The Kioxia CD8P is a new PCIe Gen5 NVMe SSD. We now have a new set of 4th Gen Intel Xeon Scalable Sapphire Rapids and AMD EPYC Genoa, Genoa-X, and Bergamo CPUs with PCIe Gen5 as well as the upcoming AmpereOne. The CPU and server side is ready, now it is time for the SSDs to follow suit. That is the market that Kioxia is aiming for.
Kioxia CD8P PCIe Gen5 NVMe SSDs Launched
Kioxia has two different variants of the CD8P. There is the higher endurance, but lower capacity, CD8P-V. The Kioxia CD8P-R is the read-focused variant of the SSD.
While we have seen companies like Solidigm with 61.44TB SSDs and Micron with multiple 30.72TB options. Kioxia is hitting 30.72TB but with a twist, this is a PCIe Gen5 NVMe SSD with up to 12GB/s of read performance. The other big spec is the endurance. The Kioxia CD8P-V is a 3 DWPD drive with a lower capacity. The 30.72TB is only in the CD8P-R with a 1 DWPD rating and in the 2.5” form factor.

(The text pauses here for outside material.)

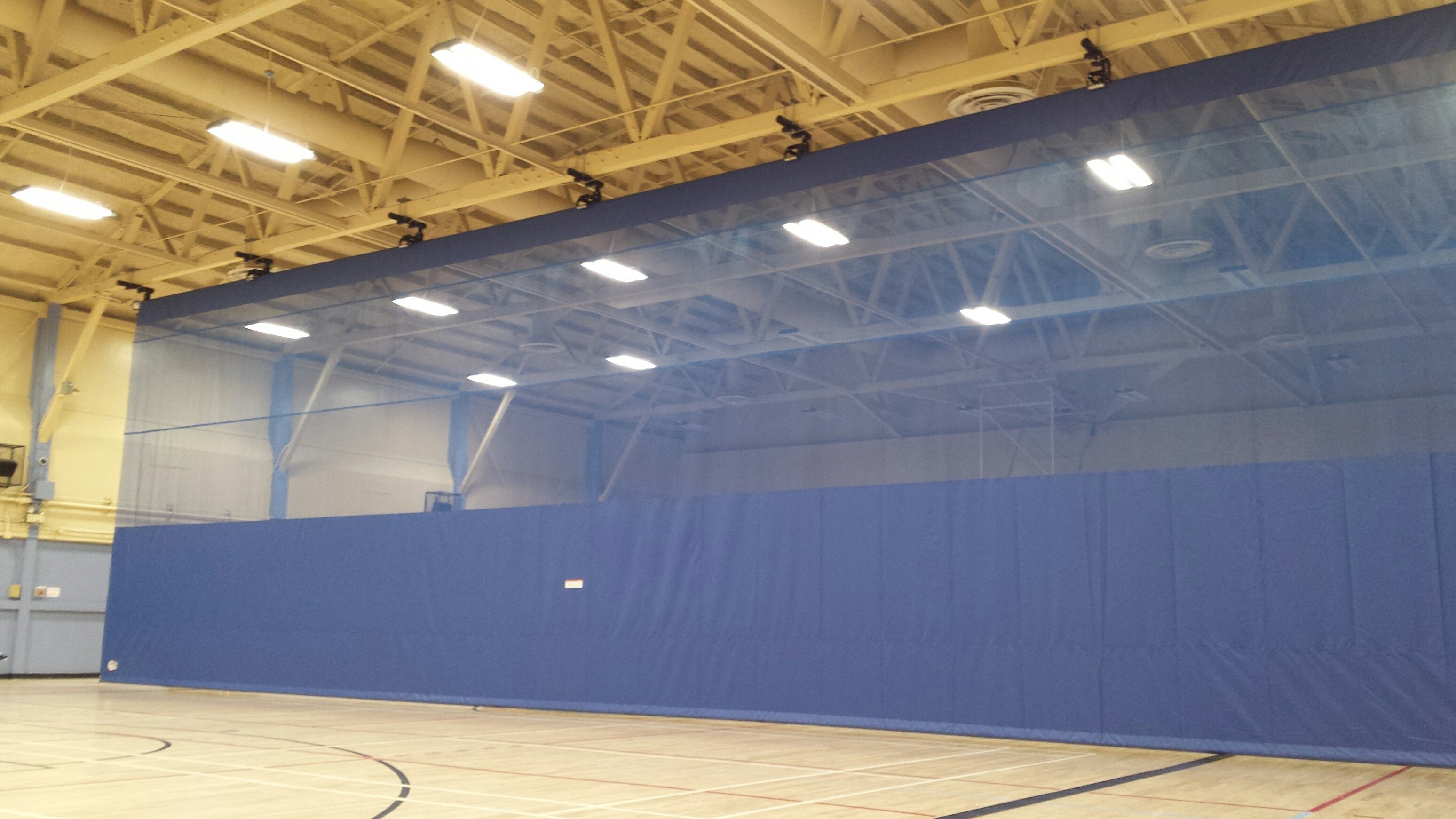 A TopRoll Gym Divider Curtain for 22 Wing CFB North Bay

We took a look at the E3.S and other EDSFF form factors a few years ago in a video that is almost at 100,000 views.
The 2.5” form factor is still going strong, but EDSFF will become more popular as we move to PCIe Gen5 drives.
In the industry now there are two sets of folks. Some believe that PCIe Gen4 is fine for a SSD. Those are also the companies that do not have PCIe Gen5 NVMe SSDs. Companies like Kioxia still see PCIe Gen4 NVMe SSDs to sell well this year, but are starting to transition their portfolios to Gen5. We will have a Kioxia CM7 review coming soon as well for those looking for other options.
At some point one has to, however, wonder about the endurance. 1 DWPD at 30.72TB versus 3 DWPD at 12.8TB may seem like a lot if just looking at DWPD, but 12.8TB x 3 = 38.4TB or roughly 25% more endurance than the larger drive. We see DWPD becoming less exciting in the industry as more drives start to crest >10TB capacities since at some point a lot of sequential read/ write data will end up finding its way onto SSDs instead of hard drives.
Hopefully we will get to see the Kioxia CD8P this week at Flash Memory Summit.